National women's baseball team pitcher/infielder led Canada to international prominence in World Cup/Pan Am tournaments
Amanda Asay August 2012 national silver World Cup bronze
Amanda Asay in 2012 holds her silver medal from the Canadian national baseball championship and bronze medal from the Women's Baseball World Cup. Prince George will pay tribute to her accomplishments on Saturday at City Field at the Amanda Asay Memorial Game.

Amanda Asay’s impact as a women’s baseball pioneer who brought Canada into uncharted territory on the international stage will be remembered in a memorial game Saturday afternoon.

Asay, a Prince George native and longtime national baseball team pitcher/infielder, died at age 33 Jan. 7 in a skiing accident at Whitewater Ski Resort near Nelson.

As a tribute to Asay and her all-star/MVP efforts to make Canada a perennial medal threat in Word Cup tournament in the 17 years (2005-2021) she played for the national team, players from the Prince George Senior Men’s Baseball League and Prince George Knights U-18 team will gather today at 1 p.m. at City Field (formerly Citizen Field) for the game.
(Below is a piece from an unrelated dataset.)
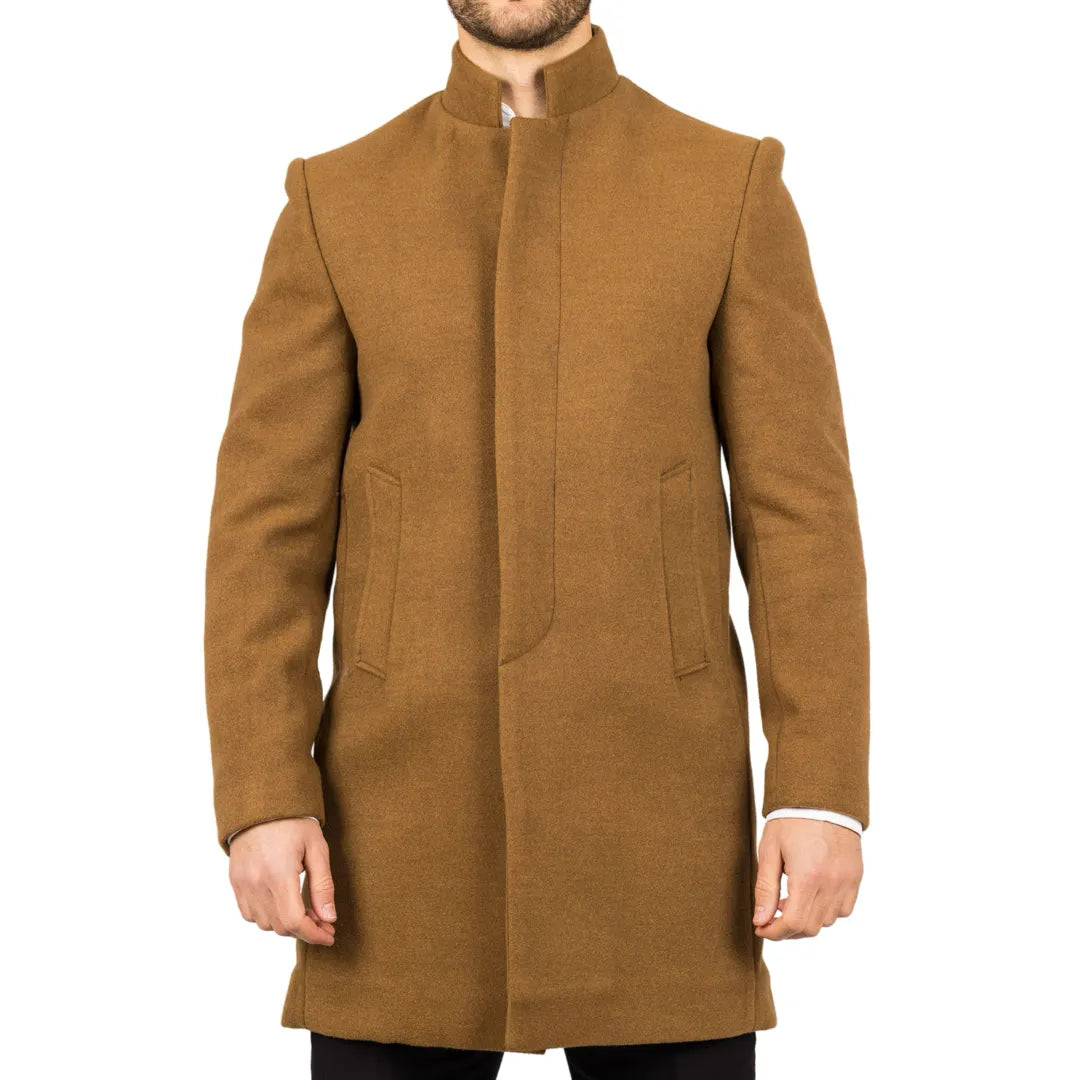 Abrigo de hombre color camel con cuello alto, confeccionado en mezcla de lana.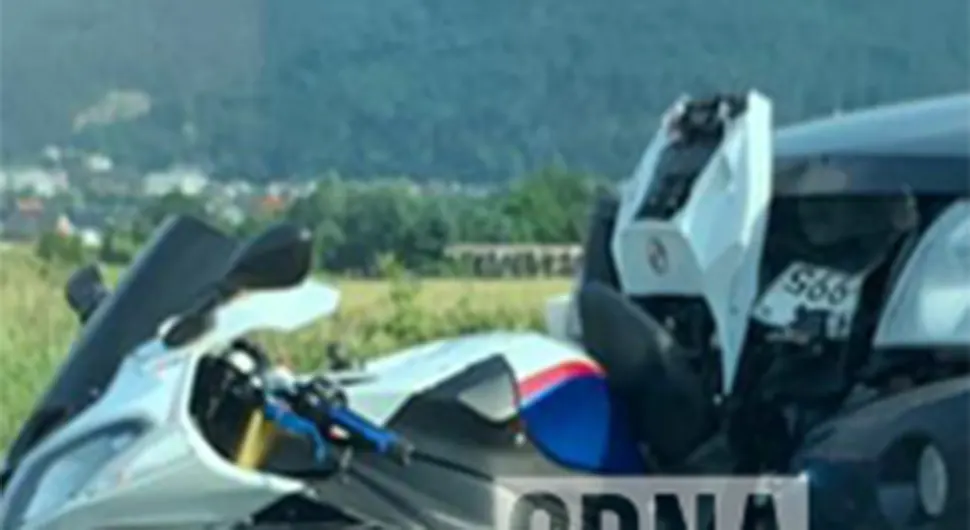 SAOBRAĆAJKA KOD ŽEPČA Motorista povrijeđen u teškoj nesreći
A group of women who were Asay’s teammates with the national team and Prince George Thunderbirds softball team will also take the field in their uniforms to play in the game. That list of former teammates includes Chelsey Thorne, Kailey Bone, Jessy Devereaux, Kayla Faith and Allison Schroeder. Because there aren’t enough women to form a complete team, the women will play with and against the men on either of the 12-player teams assembled for the seven-inning game.

Before the game, long-time Little League coach and baseball umpire Gerry Van Caeseele will speak to the crowd about Asay and the effect she had as one of the most accomplished athletes the city has ever produced.

Asay was a multisport athlete who played hockey and softball at Brown University in Rhode Island from 2006-09, and later starred for the UBC Thunderbirds hockey team. She earned a doctoral degree in forestry while attending UBC.

At the time of her death, Asay was working for the Ministry of Forests, Lands, Natural Resources and Rural Development based in Nelson, where she coached a U14 girls baseball team. Blessed with an analytical mind and a talent for teaching the game, especially to her younger teammates, she was being groomed to take on the duties as national team coach.

“Women’s baseball is not the biggest sport but if you put it in terms of how good she was in her sport as a woman, she’d be a $400 million player if she was a man,” said Asay Memorial Game organizer Paul Wilson.

“Once you hear here story and the life she led, it’s pretty amazing. I know the guys involved with Baseball Canada, David Laing and Scott McKenzie, and they can’t enough good things about her. She was the perfect member to be part of the program and it’s a lot better now, having her been there, than it was before.”